Précurseur, le cadre législatif se met déjà en place ; la loi du 24 février 2017 donne un statut juridique aux autoconsommateurs. Un arsenal de soutiens est déjà annoncé : tarif d’achat, appel d’offres, aide aux raccordements. Mais ce foisonnement futur d’initiatives mérite un point d’alerte. Attention aux effets d’aubaine, qui conduiraient à un communautarisme énergétique nuisible à notre système électrique. Sous le prétexte de transition énergétique et de promotion de valeurs environnementales, ne détricotons pas le maillage de nos réseaux d’électricité qui garantissent la sécurité d’approvisionnement à un prix unique sur l’ensemble du territoire.

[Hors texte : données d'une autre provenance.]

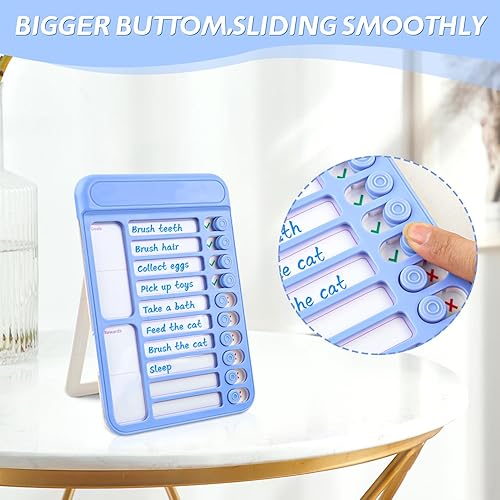 Miniatura 3 de Paquete de 2 tablas de tareas borrables para niños, lista magnética de tareas reutilizables con papel de borrado en seco, tabla de programación de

Cet avenir frappe à notre porte, il nous faut le construire ensemble. Il faut bâtir un socle stable à ce nouvel édifice pour guider la participation citoyenne à la production d’énergie. Toute la question est donc d’anticiper puis d’accompagner le développement de l’autoconsommation et ses répercussions tarifaires et technologiques face aux contraintes démographiques et sociologiques du territoire. C’est la tâche que nous confie la loi. C’est à la Commision de régulation de l’énergie d’établir les tarifs des réseaux publics de distribution d’électricité pour les consommateurs participant à des opérations d’autoconsommation.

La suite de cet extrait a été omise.